HVDC electrical insulation performance based on charge activity in oil-pressboard composite insulation structures

Abstract

For more reliable HVDC power transmission systems, it is necessary to enhance HVDC electrical insulation performance in power equipment such as an oil-immersed AC/DC converter transformer. In this paper, the electric field distributions under AC, DC steady-state (DC-SS) and DC polarity reversal (DC-PR) conditions are discussed in oil-pressboard (PB) composite insulation structures. Firstly, based on discussion about the charge accumulation and charge dynamics at oil/PB interfaces, the contribution ratio of deposited charges under DC-SS to the following emerging electric stresses at DC-PR conditions are quantitatively clarified. Secondly, we found that the DC electric field distributions could significantly be controlled by PB arrangement in oil.

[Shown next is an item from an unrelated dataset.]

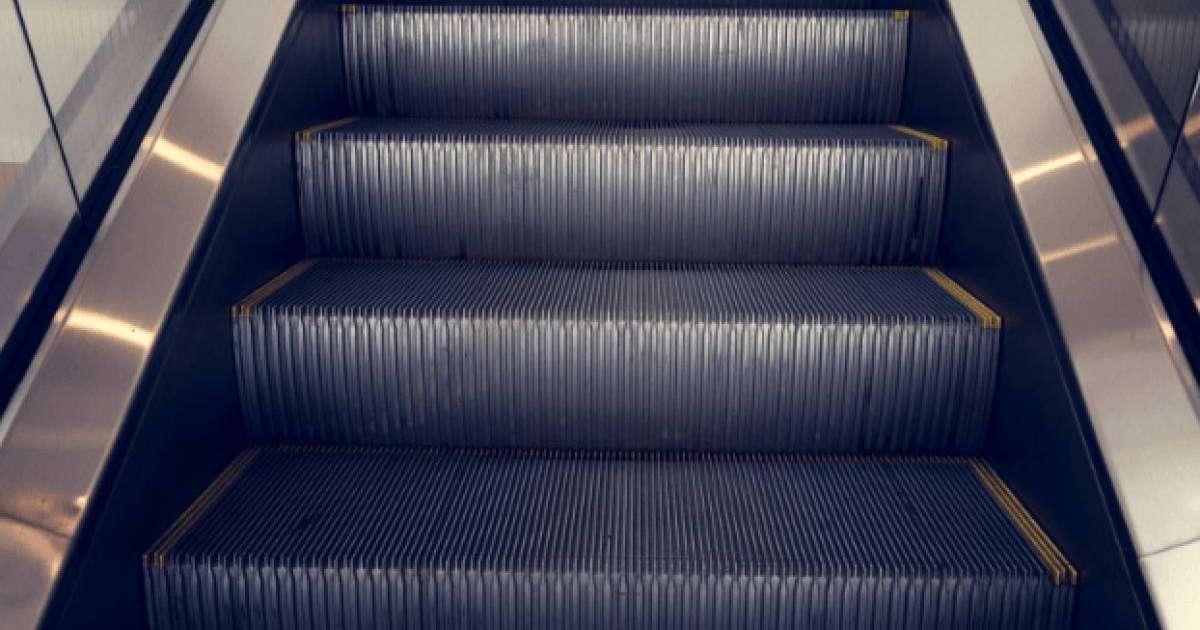 Көкшетауда эскалатор әйелдің аяғын қысып қалды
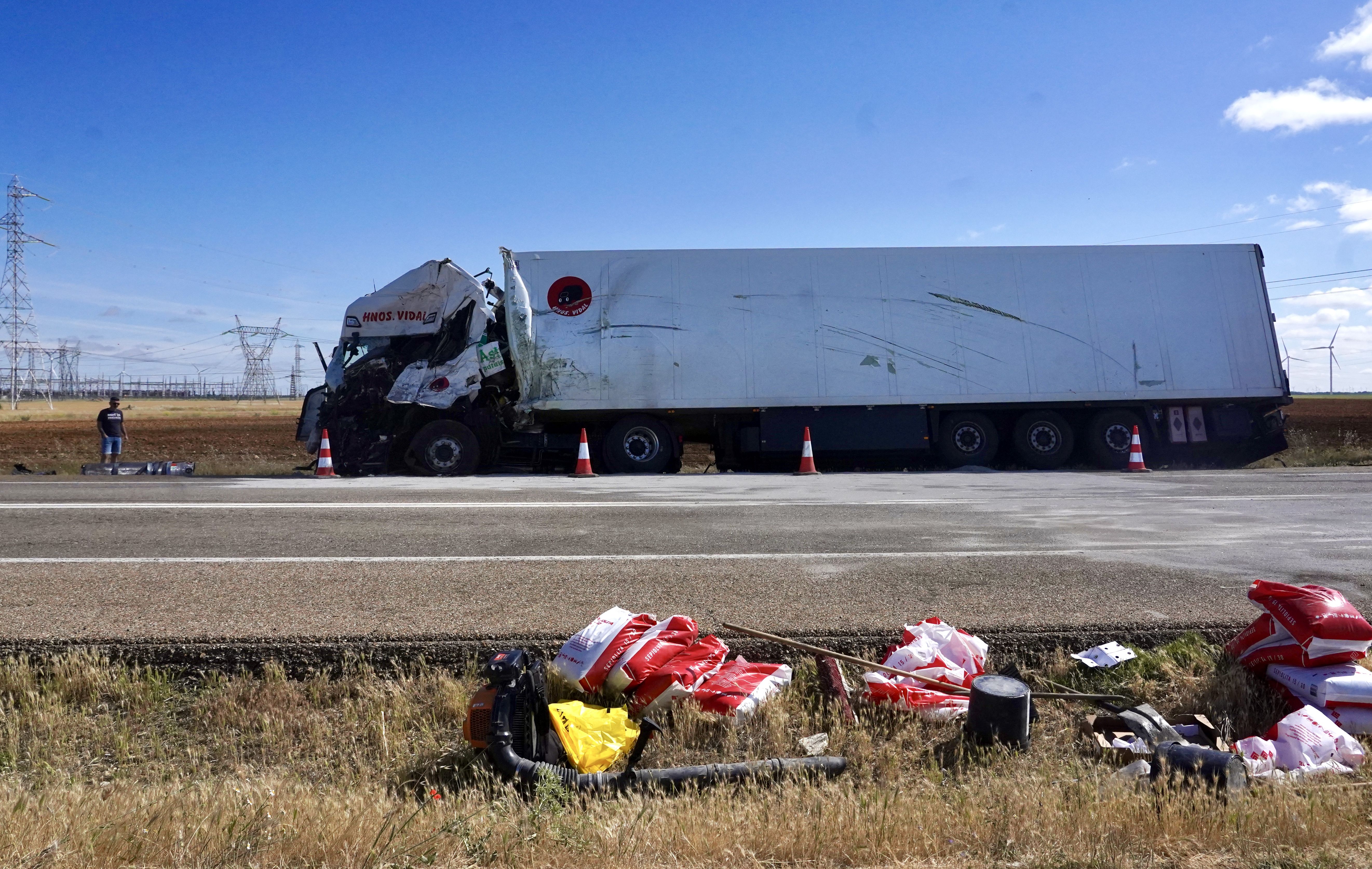 Miriam Chacón / ICAL. Un fallecido en una colisión frontal entre dos camiones en la N-601, en La Mudarra (Valladolid)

In particular, both PB configurations and the conductivity ratios of oil and PB would play critical roles to determine electric field distribution, under DC-SS conditions. Furthermore, using an actual AC/DC converter transformer structure, electrical insulation performances under various testing conditions such as AC, DC-SS and DC-PR conditions were comparatively investigated. It was concluded that the most critical testing condition against breakdown strength could be the DC-PR conditions under the higher conductivity ratio of oil and PB.